Personal training is also going high tech. ACE believes that more trainers will use technology to provide remote one-on-one or small group training, whether through uploading workout videos to YouTube or their personal sites, using software to view and track a client’s workout and nutritional information, or tweeting daily tips. Fitness facilities are getting savvier, too, creating more online, interactive fitness plans for their members.
- Small-group training: Are you a Zumba dance fanatic? Love your local gym’s intense-but-effective boot camp class? ACE says that small-group classes such as Zumba, boot camp, TRX suspension training, and interval training will continue to be popular workout trends in 2012. Matthews says these classes are further evidence of a long-term shift toward workouts that emphasize core, balance, and stability, as opposed to more traditional cardio and weight training.
- Weight loss support at work: You might not have a corporate gym, but ACE found that office wellness initiatives like team walking challenges or that Biggest Loser-style weight-loss competitions will be hot in 2012. A survey of 1,200 employers found that companies spent an average of $200 on wellness incentives per employee — anything from wellness competitions and prizes to gym memberships — in 2010, up 35 percent from $163 in 2009, and experts predict that number will continue to rise. ACE predicts that more business owners will provide discounts to outside fitness facilities and health clubs.

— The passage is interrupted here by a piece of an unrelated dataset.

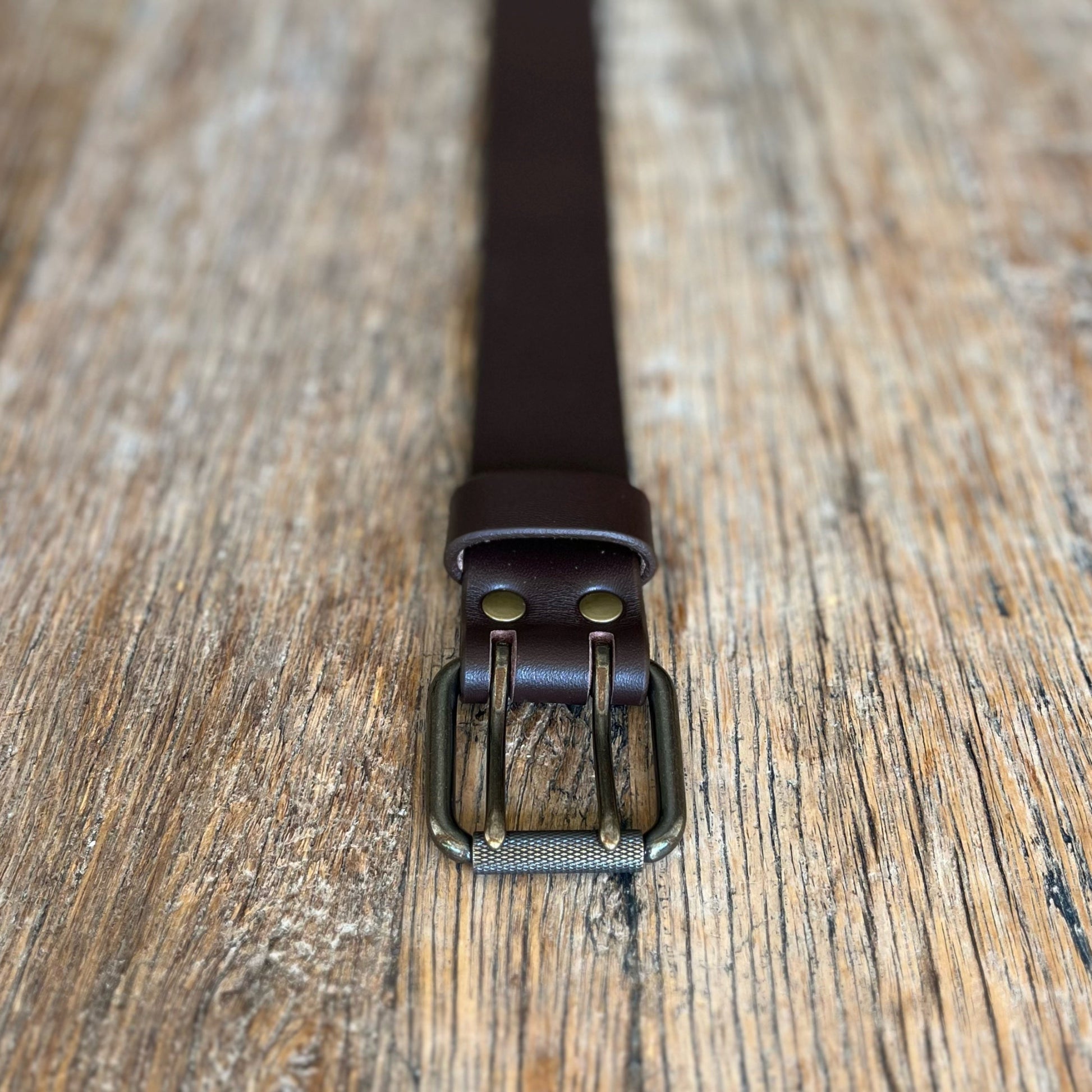 Brown leather belt with brass buckle on a wooden surface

- Fighting fad diets: Although ACE has seen great progress in diet and fitness education, Matthews says the average dieter still believes the best way to lose weight is through a restrictive or fad diet. As part of ACE’s efforts to combat this approach, the organization is providing better tools for trainers to help clients set healthier goals and stay motivated without crash diets. ACE also introduced a lifestyle and weight management coaching certification to help dieters understand what it takes to achieve long-term weight loss results.